Insurance claim validation and anomaly detection based on modus operandi analysis
Abstract
In one aspect, a method of computer-implemented insurance claim validation based on ARM (pattern analysis, recognition and matching) approach and anomaly detection based on modus operandi analysis including the step of obtaining a set of open claims data. One of more modus-operandi variables of the open claims set are determined. A step includes determining a match between the one or more modus operandi variables and a claim in the set of open claims. A step includes generating a list of suspected fraudulent claims that comprises each matched claim. A step includes implementing one or more machine learning algorithms to learn a fraud signature pattern in the list of suspected fraudulent claims.
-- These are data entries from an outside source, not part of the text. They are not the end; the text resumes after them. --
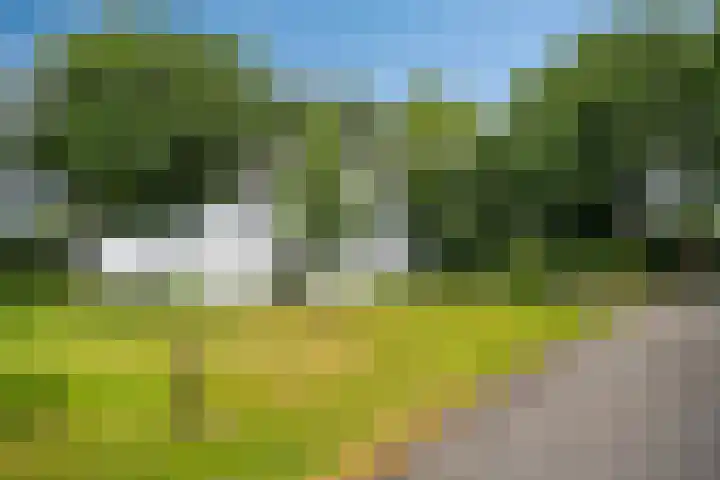 Werckenslaan 4 Venray thumbnail 64
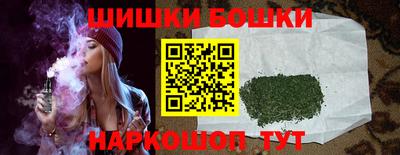 шишки Камышлов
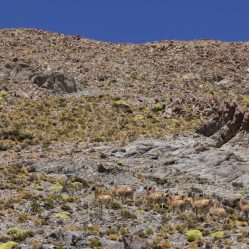 Guanacos camuflados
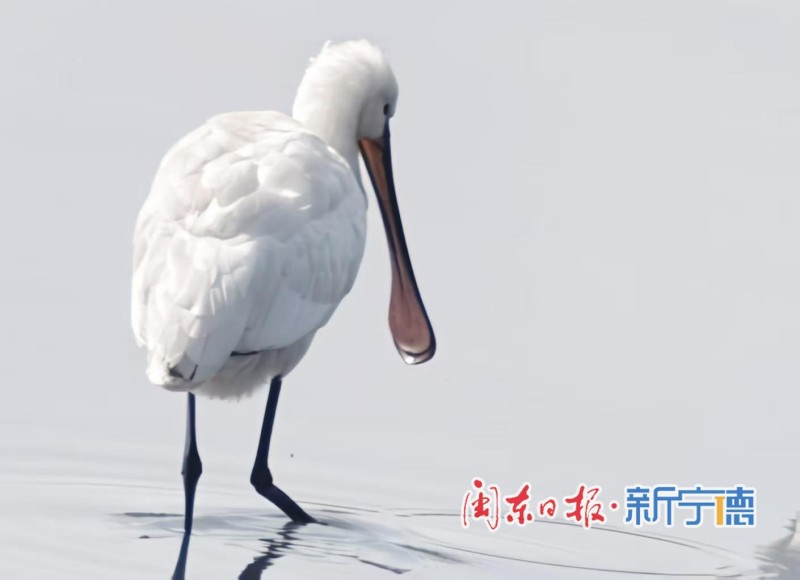 近日，宁德东湖湿地迎来一批“稀客”——多只黑脸琵鹭在此栖息、觅食。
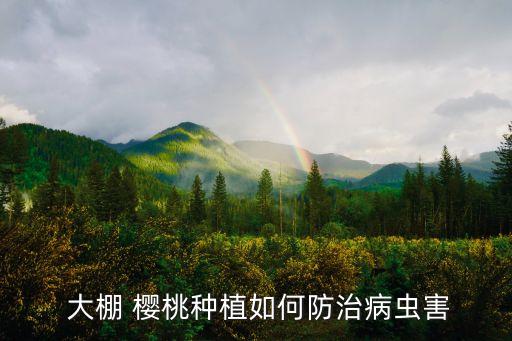  大棚 櫻桃種植如何防治病蟲害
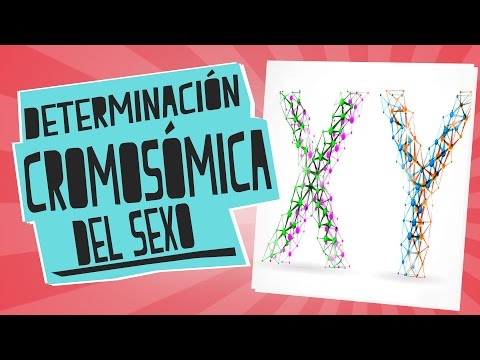 Vídeo: Diferencia Entre El ADN Masculino Y Femenino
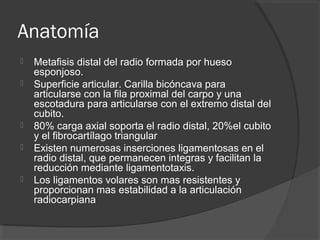 Anatomía
 Metafisis distal del radio formada por hueso
esponjoso.
 Superficie articular. Carilla bicóncava para
articularse con la fila proximal del carpo y una
escotadura para articularse con el extremo distal del
cubito.
 80% carga axial soporta el radio distal, 20%el cubito
y el fibrocartílago triangular
 Existen numerosas inserciones ligamentosas en el
radio distal, que permanecen integras y facilitan la
reducción mediante ligamentotaxis.
 Los ligamentos volares son mas resistentes y
proporcionan mas estabilidad a la articulación
radiocarpiana
 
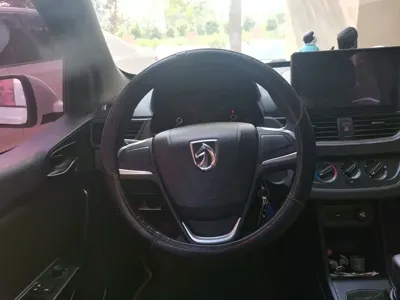 Baojun 310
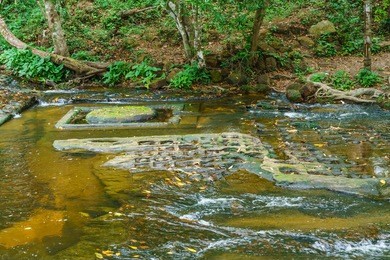 the river of 1,000 shiva linga, phnom kulen, cambodia.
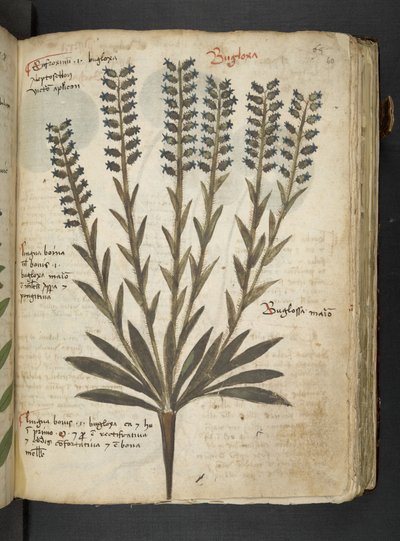 添加 MS 41623 "一味草药"，贝鲁诺（牛皮纸上的墨水和色彩） 作者 意大利学校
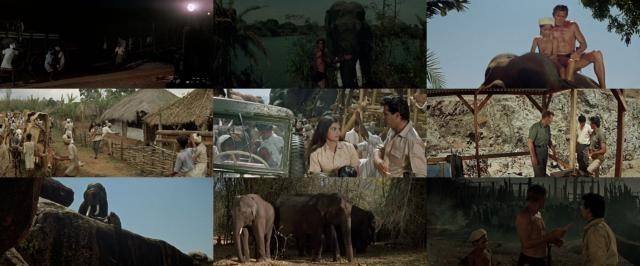 泰山去印度 Tarzan.Goes.to.India.1962.720p.BluRay.x264-JRP 3.27GB-2.jpg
A step includes grouping the set of open claims data based on the fraud signature pattern as determined by the modus operandi variables.
Claims
exact text as granted — not AI-modifiedWhat is claimed as new and desired to be protected by Letters Patent of the United States is:
1 . A method of computer-implemented insurance claim validation based on ARM (pattern analysis, recognition and matching) approach and anomaly detection based on modus operandi analysis comprising:
obtaining a set of open claims data; determining one of more modus-operandi variables of the open claims set; determining a match between the one or more modus operandi variables and a claim in the set of open claims; generating a list of suspected fraudulent claims that comprises each matched claim; implementing one or more machine learning algorithms to learn a fraud signature pattern in the list of suspected fraudulent claims; and grouping the set of open claims data based on the fraud signature pattern as determined by the modus operandi variables.
2 . The method of claim 1 further comprising:
implementing one or more machine learning algorithms to learn a non-fraud signature pattern in the list of suspected fraudulent claims.
3 . The method of claim 2 further comprising:
grouping the set of open claims data based on the non-fraud signature pattern.
4 . The method of claim 3 , wherein text analysis, social analysis, link analysis, statistical analysis, transaction analysis and predictive analyses is used to determine the modus-operandi variables of the open claims set.
5 . The method of claim 4 further comprising:
providing another list of list of suspected fraudulent claims.
6 . The method of claim 6 further comprising:
comparing the list of suspected fraudulent claims with the other list of suspected fraudulent claims and based on these comparisons a group of suspected fraudulent claims is grouped based on a similarity of the list of suspected fraudulent claims and the other list of suspected fraudulent claims.
7 . The method of claim 7 , wherein the set of open claims data comprises both structured and unstructured claims data.
8 . A computerized system comprising:
a processor configured to execute instructions; a memory containing instructions when executed on the processor, causes the processor to perform operations that:
obtain a set of open claims data;
determine one of more modus-operandi variables of the open claims set;
determine a match between the one or more modus operandi variables and a claim in the set of open claims;
generate a list of suspected fraudulent claims that comprises each matched claim;
implement one or more machine learning algorithms to learn a fraud signature pattern in the list of suspected fraudulent claims; and
group the set of open claims data based on the fraud signature pattern.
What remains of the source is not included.